Nothing like the power of positive thought, eh?

One more thing.  The biggest thing: My evenings are shorter. 

They’re not really, they just feel shorter.  I usually leave work sometime between 4pm and 6pm – that’s the same regardless of the time of year.  The difference is a matter of sunlight.  In the summer I can work until 6pm and know that I have a good two hours left of daylight in which to do “things and stuff” – whatever it is that needs doing.  In the winter I start getting antsy around 3:30pm because I know it’s going to be pitch black by 4:15pm. 

That’s a problem because when it’s dark, it’s very cold.  That means I have to drive home in the Cold Dark, and I have to go grocery shopping in the Cold Dark, I have to go out with friends and family in the Cold Dark.    The Cold Dark is lonely.  Sound is muffled; lights are sharp and hurt to look at.  My cold face, fingers and legs become numb and feel stiff.  All I want to do is huddle under a blanket in front of a fire and let every available light bulb blaze.  I’m not inspired to run errands or leave my house for entertainment.  I feel like I should be hibernating until the sun resumes normal working hours. 
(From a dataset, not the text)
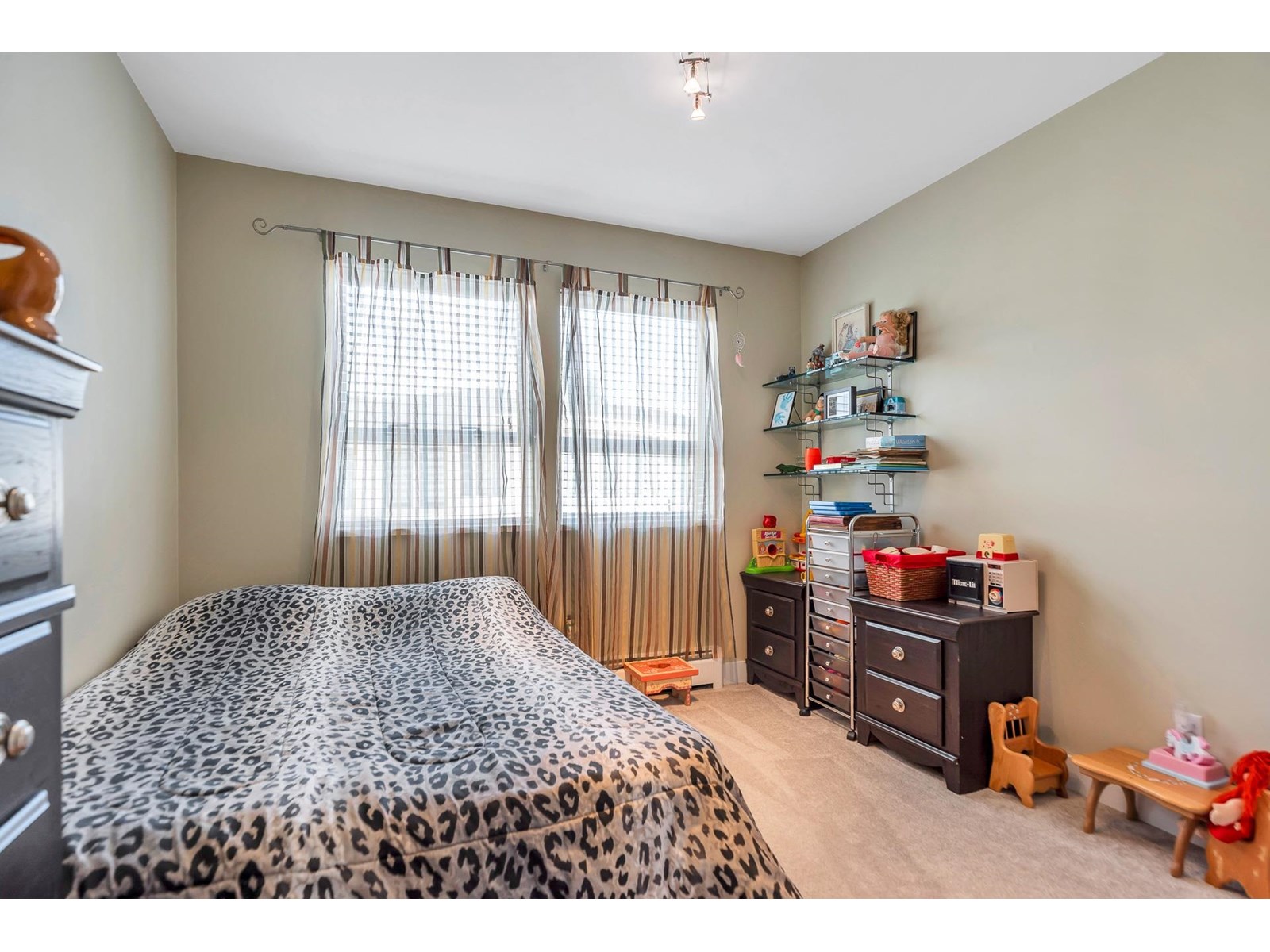 Photo 13 of 7549 149 A Street, Surrey BC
Occasionally I do find myself admiring the Cold Dark.  Not so much that I appreciate its presence for a full three months, but if I could have it for a week every year…I think I’d like that.

Take last night.  I left work yesterday at 6:15pm, later than most of my coworkers.  I work in a suburb, in quiet, sparsely-inhabited industrial park located on a lake near a golf course.  There is never a lot of traffic, and the trees and open lake make the world seem very big and wild at night. 

I bundled up in my many layers, and as I walked outside I noticed that a fresh layer of snow had carpeted the concrete walkways and asphalt parking lot.  I had left by a side door, and only a few sets of foot prints tracked from where I was standing.  They walked side-by-side, only diverging and disappearing into other footprint traffic at the end of the walkway as they split off to find their respective vehicles. 

Everything was so…still.  I took a deep breath and the air was cold in my nose and throat.  Outside smelled new, fresh, clean.  The parking lot security lights cut through the blackness, creating cones of light if observed individually, and together casting a dome of brilliance which gently faded at the edge of the lake shore.  The buildings across campus seemed to be Hollywood cutouts, backlit by unseen street lights, empty and flat.  If I walked behind them I wouldn’t have been surprised to see unpainted wood held upright by enormous 2×4 beams.

My warm breath fogged up my glasses, obscuring the silent world and shaking me out of my reverie.  The magic of the moment was further dispelled when I reached my car and had to use two hands to force the frozen door open.  The cold leather of my car seat quickly penetrated my coat and dress pants, and on the curved exit of the parking lot I lost traction under my tires, swerving gently sideways before regaining control of the car.

But for a short time, the Cold Dark had been regal, majestic and bigger than slushy roads, the wet gloves and my ennui.  For a moment it was beautiful, and I was happy to be in it.